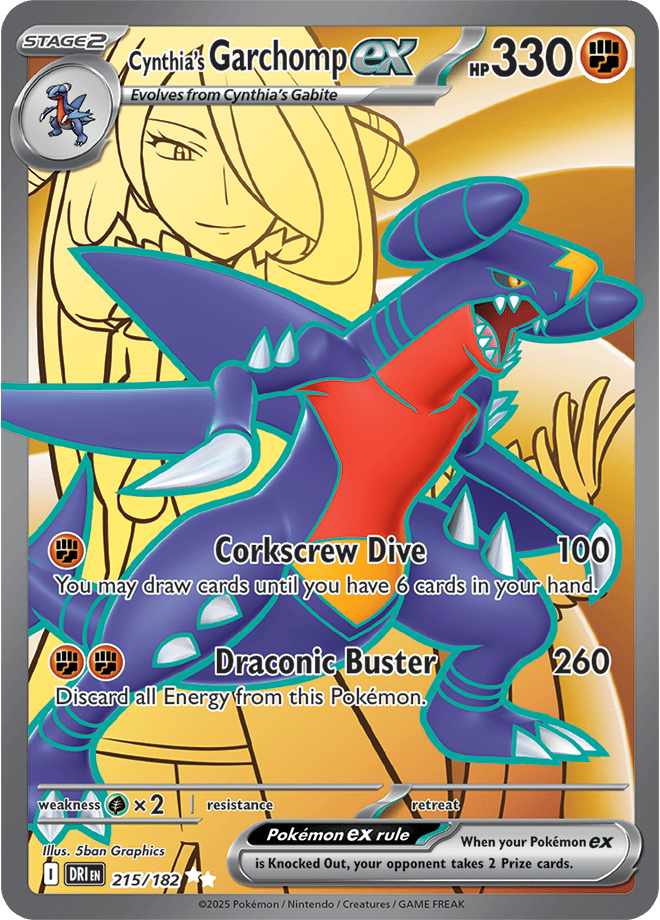 Destined Rivals - Cynthia's Garchomp Ex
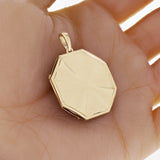 10k Yellow Gold Solid Textured 3D Medusa Charm Pendant 1.6" 19 grams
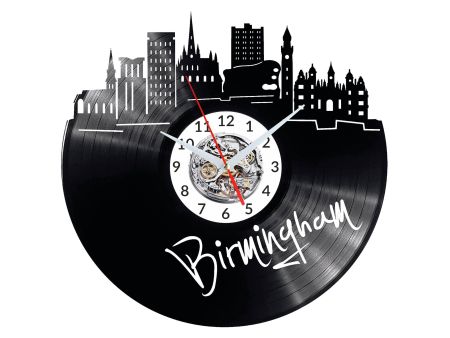 Birmingham Vinyl Zegar Ścienny Płyta Winylowa Nowoczesny 
Dekoracyjny Na Prezent Urodziny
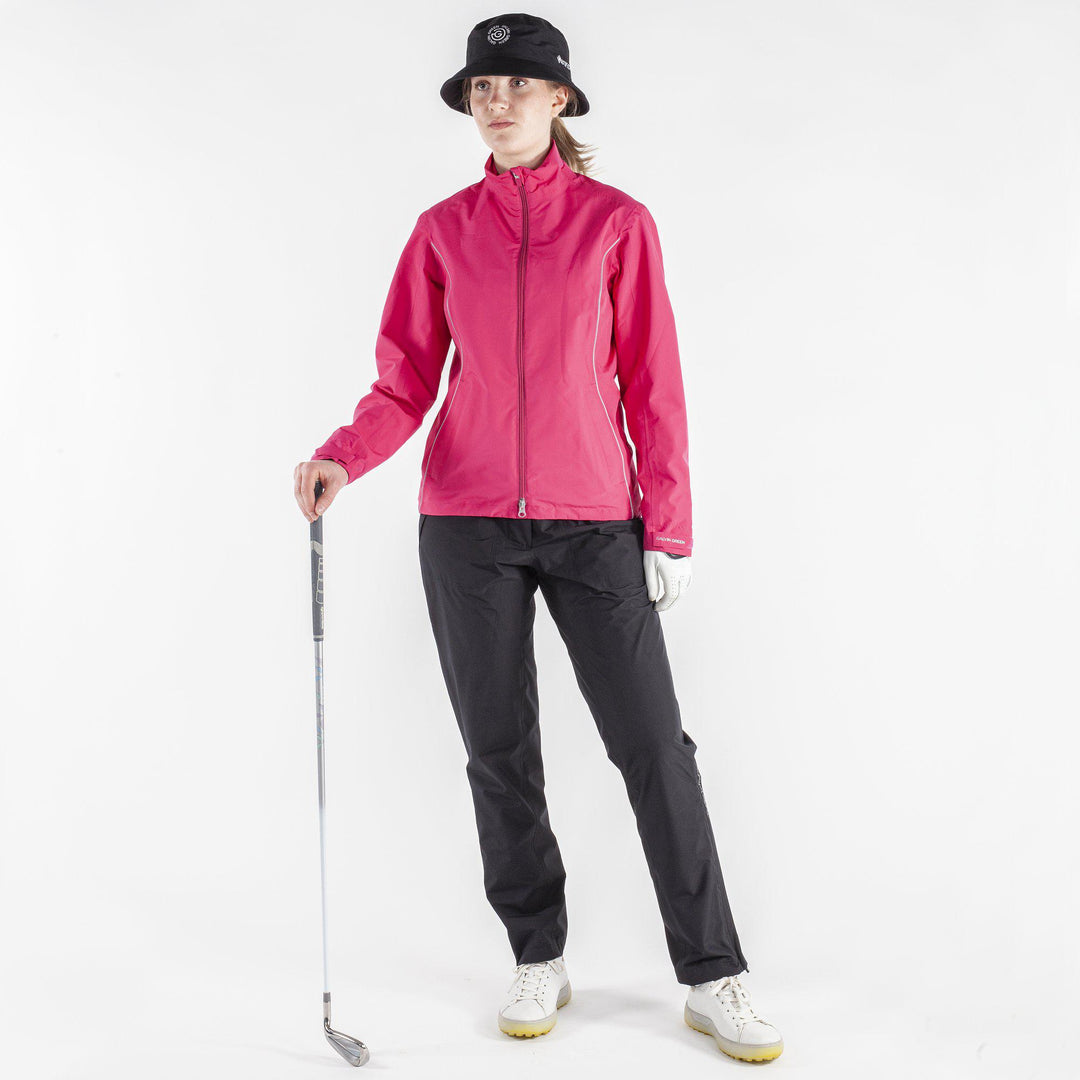 Anya is a Waterproof jacket for Women in the color Amazing Pink(3)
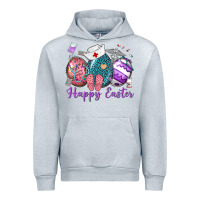 Heather Grey happy easter eggs nurse n Urban Hoodie - Neo Western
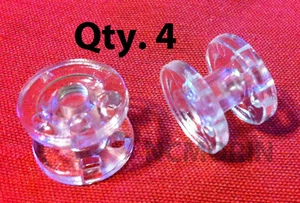 Qty 4 pieces RV Cord Tension Hold Down Pleated Shade Blind Tensioner - Clear - Bild 1 von 2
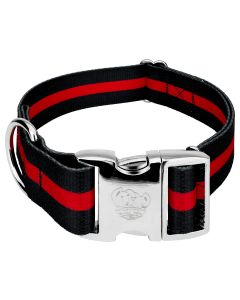 1 1/2 Inch Premium Thin Red Line Dog Collar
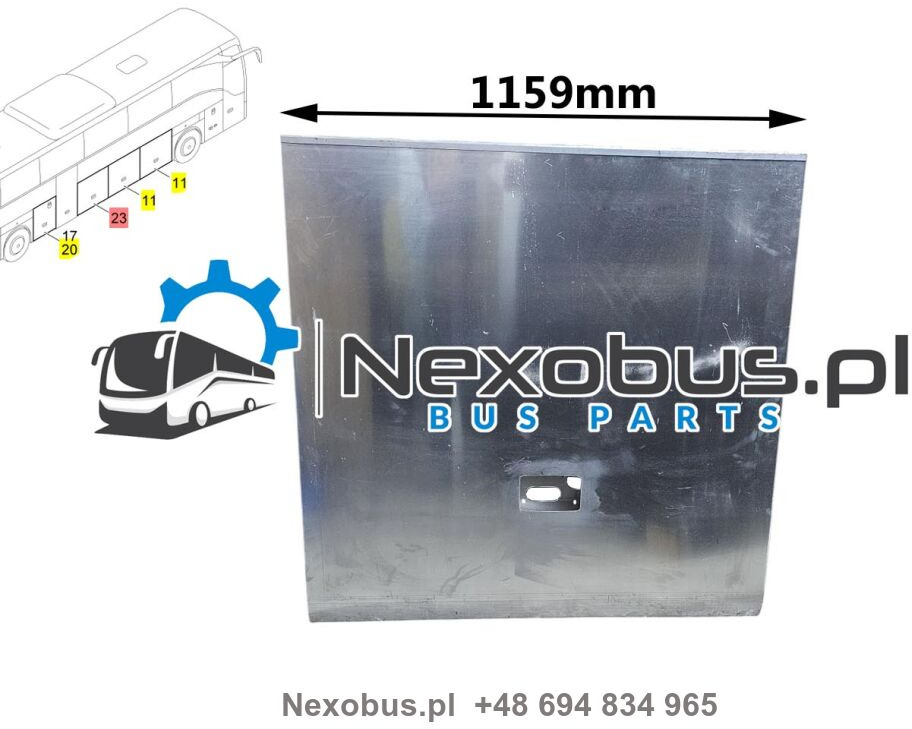 Klapa boczna bagażnika Mercedes Tourismo prawa szerokość 1159 mm - Spatbord voor Bus: afbeelding 1 Klapa boczna bagażnika Mercedes Tourismo prawa szerokość 1159 mm - Spatbord voor Bus: afbeelding 1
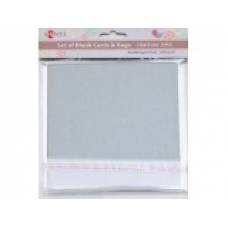 Открытка/ Набор заготовок Santi 952248 15*15см 250г/м2 серебрист перламутр 5шт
——————
*AIM OF THE TASK*: The reply should hold every line of the records unchanged and no pictures.

*RESULT OF THE EXERCISE*:
 Destined Rivals - Cynthia's Garchomp Ex
 10k Yellow Gold Solid Textured 3D Medusa Charm Pendant 1.6" 19 grams
 Birmingham Vinyl Zegar Ścienny Płyta Winylowa Nowoczesny 
Dekoracyjny Na Prezent Urodziny
 Anya is a Waterproof jacket for Women in the color Amazing Pink(3)
 Heather Grey happy easter eggs nurse n Urban Hoodie - Neo Western
 Qty 4 pieces RV Cord Tension Hold Down Pleated Shade Blind Tensioner - Clear - Bild 1 von 2
 1 1/2 Inch Premium Thin Red Line Dog Collar
 Klapa boczna bagażnika Mercedes Tourismo prawa szerokość 1159 mm - Spatbord voor Bus: afbeelding 1 Klapa boczna bagażnika Mercedes Tourismo prawa szerokość 1159 mm - Spatbord voor Bus: afbeelding 1
 Открытка/ Набор заготовок Santi 952248 15*15см 250г/м2 серебрист перламутр 5шт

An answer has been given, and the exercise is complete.